Von Manuela Morath-Holdt

Detmold. Auf "Reichsebene" ist das dunkelste Kapitel deutscher Geschichte weitgehend erforscht. Erhebliche Defizite bestehen dagegen auf lokaler Ebene. Der Grund: Akten und Unterlagen der NSDAP-Kreisleitungen sowie nahezu der gesamte Schriftverkehr der Ortsgruppen konnten noch kurz vor dem Zusammenbruch vernichtet werden.

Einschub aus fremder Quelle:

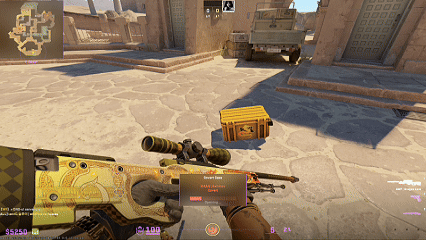 Deschidere cutie cu instant equip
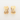 Vintage Christian Dior Rhinestone Clip-on Earrings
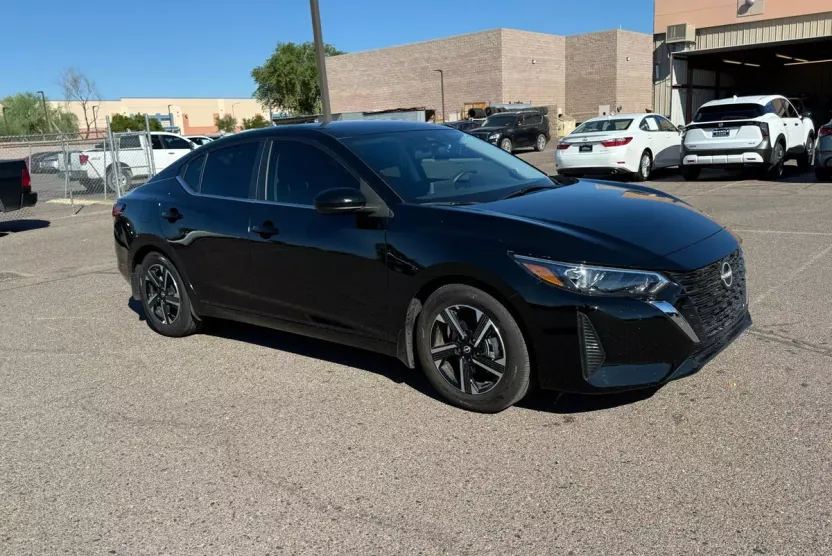2025 Nissan Sentra SV photo 1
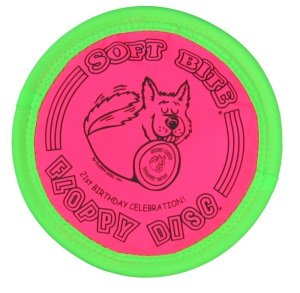 2 Pack 10 Inch Soft Floppy Flying Disc - Ultimate Outdoor Play Frisbee for Beach, Park, Backyard Games and Dog Fetch Toy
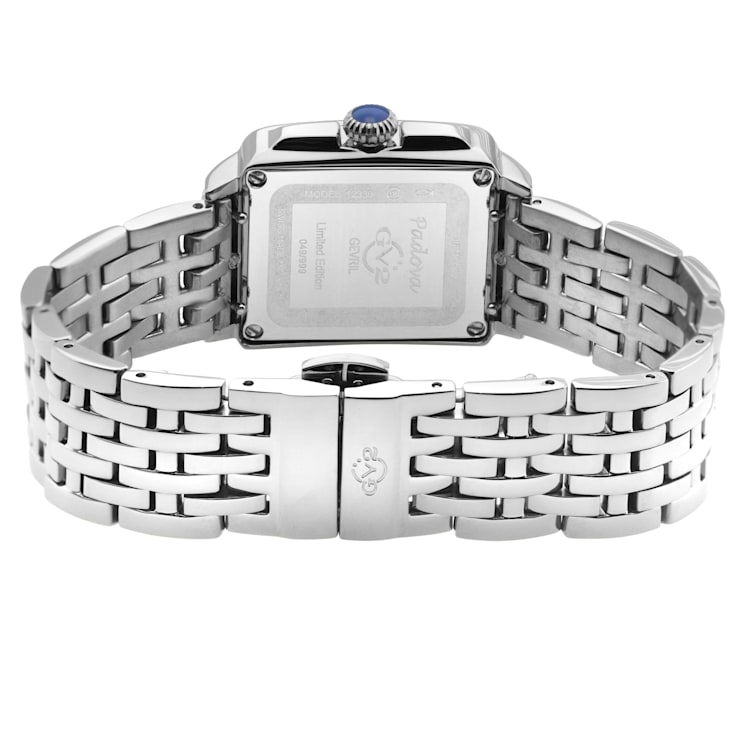 GV2 Womens Padova Gemstone multi color steel Watch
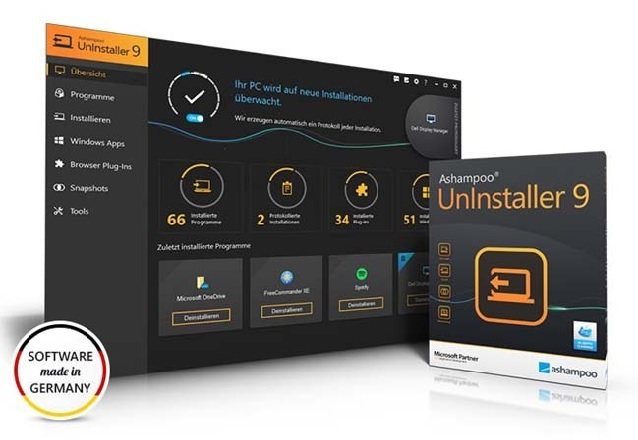 Download Ashampoo Uninstaller 10 Portable - Phong Vũ Tech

Die NS-Machthaber in Lippe gehörten 1945 zu den wenigen im untergehenden Reich, die das belastende Material nicht mehr rechtzeitig zur Seite schaffen konnten. Historiker können deshalb heute im Staatsarchiv Detmold aus dem Vollen schöpfen. Andreas Ruppert hat den einmaligen "Schatz" von 1300 Akten bearbeitet. Der Historiker legte zwei insgesamt über 700 Seiten starke Findbücher mit dem Titel "NSDAP und NS-Organisation in Lippe" von 1931 bis März '45 vor. Sie erleichtern das Auffinden der Dokumente. Für Heimatforscher bietet sich die Möglichkeit, einige "Legenden" selbsternannter Widerstandskämpfer zu korrigieren.

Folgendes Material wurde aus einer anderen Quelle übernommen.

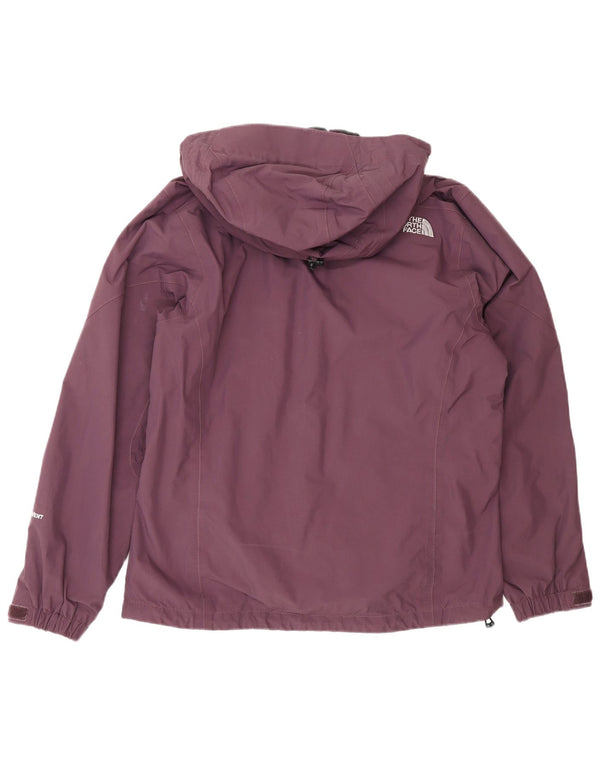 The North Face Chaqueta impermeable con capucha para mujer UK 44 Medium Purple Nylon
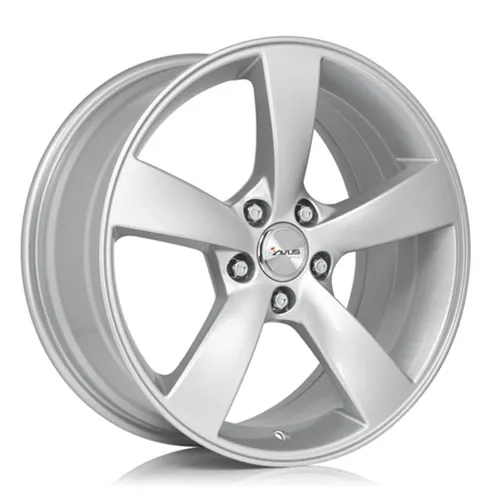 ALUFELGE AVUS AF10 für AUDI S5 - 20 Zoll Hyper Silver - Felgen für AUDI S5 Cabrio, Coupe & Sportback, 10x20 Zoll, 5x112 Lochkreis, ET 19 mm – ideal für sportliches Design und verbesserte Fahrdynamik.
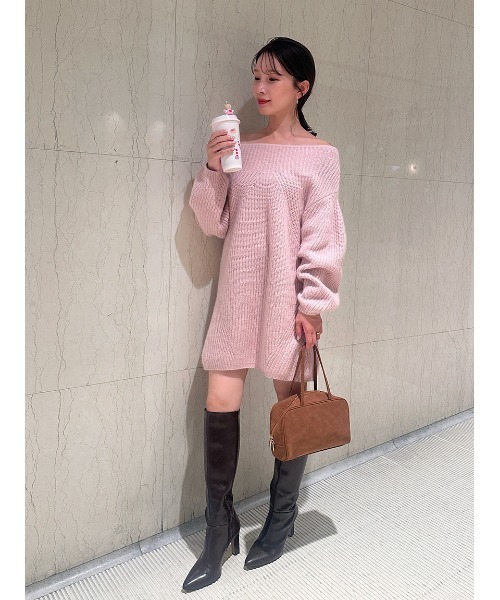 SNIDEL スナイデル　ヒールロングブーツ SNIDEL（スナイデル）の「ヒールロングブーツ（ブーツ）」 - WEAR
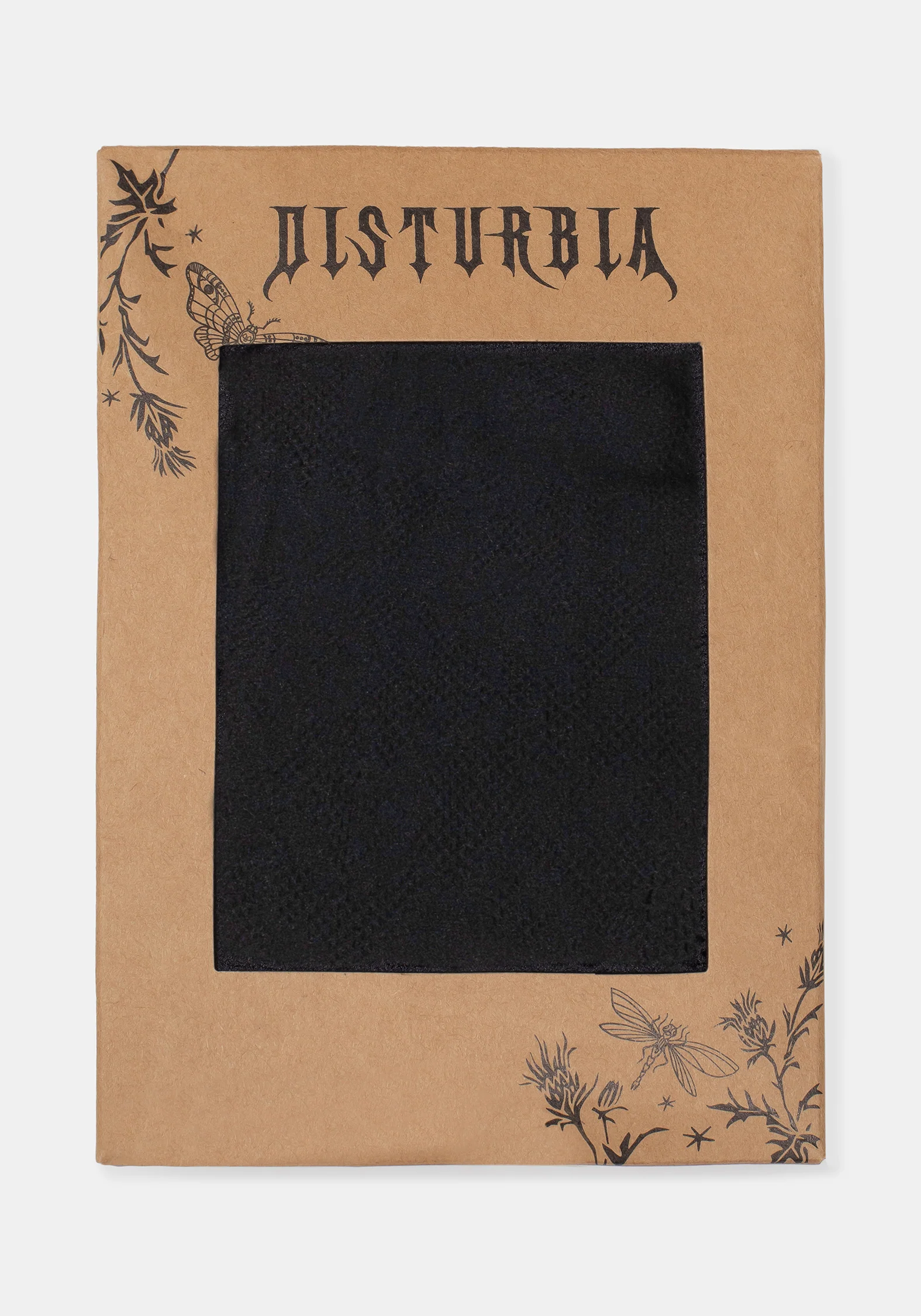 Phantasmic Sheer Lace Tights - Black - Image 5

Der Leiter des Staatsarchivs, Dr. Klaus Scholz, und die an der Aufarbeitung beteiligten Mitarbeiter gehen davon aus, dass die einmaligen Überlieferungen nach Abschluss der Restaurierungsmaßnahmen bald Scharen von Wissenschaftlern anlocken werden.

Die meisten wussten mehr

Wie die Aktenberge von Detmold nach Schwalenberg und später dann ins Staatsarchiv gelangt sind, können die Historiker nicht mehr mit Sicherheit sagen. Nach der Sichtung des Materials steht für Ruppert jedoch fest: "Die meisten Menschen wussten landauf, landab weit mehr, als sie nach dem Zusammenbruch zugeben wollten." Allerdings legten Scholz als auch Ruppert ausdrücklich Wert auf die Feststellung: "Die Lipper waren nicht mehr, aber auch nicht weniger anfällig für das menschenverachtende Gedankengut der Nazis als die Bevölkerung in anderen Landstrichen auch." Dass die NSDAP am 15. Januar 1933 bei den Landtagswahlen in Lippe - zwei Wochen vor Hitlers Machtergreifung - so gut abschnitt, führen die Wissenschaftler mehr auf einen bis dahin nie gekannten Propaganda-Einsatz zurück.

Ruppert hat hunderte von Briefen gelesen. Darin wurden insbesondere Leute angeschwärzt, die "wieder beim Juden gekauft, über Politik herzogen oder über lokale Parteigrößen gemeckert hatten". Sowohl bei den Denunzianten als auch bei den "Machthabern" vor Ort handelte es sich in der Regel um "eher schlichte Gemüter". Dies spiegelt sich auch in der Wortwahl und in der Orthographie wieder. Dennoch verfehlten die Dossiers die beabsichtigte Wirkung nicht.
Ruppert: "Schließlich brauchte man damals für einen Kredit oder eine Arbeitsstelle eine Unbedenklichkeitsbescheinigung des Kreisleiters." Adolf Wedderwille gehörte zu den dominierenden Gestalten. Er war über zwölf Jahre als NS-Kreisleiter mächtigster Mann in Lippe. Wedderwille zog auf politischer, wirtschaftlicher und gesellschaftlicher Ebene alle Fäden. Er ist auch als Antisemit der übelsten Sorte in die Geschichte der Region eingegangen. Ruppert hat neben allen persönlichen Unterlagen des Kreisleiters auch dessen Nozizbuch aufgestöbert. Es enthält unter anderem kurze Anmerkungen über bevorstehende Gestapo-Deportationen jüdischer Mitbürger.

Von besonderer Bedeutung ist außerdem die zeitgeschichtliche Sammlung, die der damalige Leiter der Landesbibliothek, Eduard Wiegand, über Aspekte der "Kampfzeit" der NSDAP hat anlegen lassen. Kein Wunder, dass man im Staatsarchiv jetzt mit einer Flut von Anfragen rechnet.